These tlu+ files have layer names same as those in .itf files. Since these names may not match the names in .tf files, we use mapping file that maps .tf layer/via names to .itf layer/via names. It's called as .map file or mapping.file or any other name. For an ex, look in /db/DAYSTAR/design1p0/HDL/Milkyway/mapping.file => It has all "capital letter" layer names mapped to "small letter" layer names.
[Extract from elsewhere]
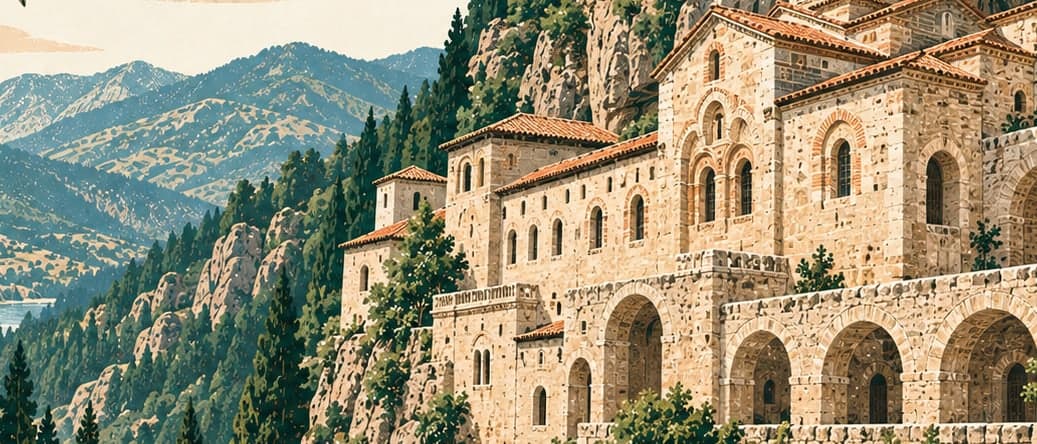 Illustration of Vazelon Manastırı, Trabzon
It also removes all layers except active, poly, met and via layers, as they are not needed.

------------------------
DC synthesis topo mode: So, the complete flow for DC synthesis in topo mode looks like this:
----

In .synopsys_dc.setup file in Synthesis dir, set search path to wherever you have .db files.
Then run dc_shell in topo mode: dc_shell-t -2010.03-SP5 -topo -f tcl/top.tcl | tee logs/top.log
 
#In dc_shell, run initial setup/analyze the normal way
source tcl/setup.tcl
source tcl/analyze.tcl

elaborate      $DIG_TOP_LEVEL
current_design $DIG_TOP_LEVEL
link
set_operating_conditions -max W_125_1.35 -library {PML48_W_125_1.35_COREL.db PML48_W_125_1.35_CTSL.db} => points to lib in search path
#set auto_wire_load_selection true => commented as no wlm (as we use tlu+ and net geometry to calc res/cap values)
#set_wire_load_mode enclosed => commented as no wlm

#### start of special cmds for running in topo mode ####
#open/create mw lib
set lib_exist [file exists my_mw_design_lib]
if {$lib_exist != 1} {
create_mw_lib -technology /db/DAYSTAR/design1p0/HDL/Milkyway/gs40.6lm.tf \
              -mw_reference_library "/db/DAYSTAR/design1p0/HDL/Milkyway/pml48MwRefLibs/CORE /db/DAYSTAR/design1p0/HDL/Milkyway/pml48ChamMwRefLibs/CORE" -open my_mw_design_lib
}
open_mw_lib my_mw_design_lib

#Enable Cell area and footprint checks (so that area of cell and footprint of cell are consistent) between logical(in link_library) and physical library(in MW db)
set_check_library_options -cell_area -cell_footprint
check_library

#set tlu+ file instead of WLM
set_tlu_plus_files \
    -max_tluplus /db/DAYSTAR/design1p0/HDL/Milkyway/tlu+/gs40.6lm.maxc_maxvia.wb2tcr.metalfill.spb.nlr.tlup \
    -min_tluplus /db/DAYSTAR/design1p0/HDL/Milkyway/tlu+/gs40.6lm.minc_minvia.wb2tcr.metalfill.spb.nlr.tlup \
    -tech2itf    /db/DAYSTAR/design1p0/HDL/Milkyway/mapping.file

check_tlu_plus_files => performs sanity checks on TLU+ files to ensure correct tlu+ and map file
#### end of special cmds for running in topo mode ####

#start with normal flow
set_driving_cell -lib_cell IV110 [all_inputs]
set_load 2.5 [all_outputs]

source tcl/dont_use.tcl
source tcl/dont_touch.tcl
...
compile_ultra -scan ...
...
#save final design from mem to MW lib (MW stores physical info of design), and name it as digtop
set mw_design_library my_mw_design_lib => to make sure design lib is set correctly
write_milkyway -output digtop -overwrite => Overwrites existing version of the design under the CEL view.

exit

-----------------------------------

Running ICC:
-----------
just like in DC, cp .synopsys_dc.setup file from the synthesis dir to the dir, where you are running ICC. It has all the same settings as DC, i.e It sources other tcl files from admin area. sets search_path to /db/../synopsys/bin, target_library and link library to PML*_CTS.db, and other parameters for snps ICC.

run ICC:
icc_shell -2011.09-SP4 -f tcl/top.tcl | tee logs/my.log => starts up icc

icc_shell> start_gui => to start gui from icc_shell. 2 gui may open: One is the ICC main window from where we can enter cmd on icc_shell built within this window. The other is ICC layout window, which opens up whenever we open/import design. From this window, we control and view PnR.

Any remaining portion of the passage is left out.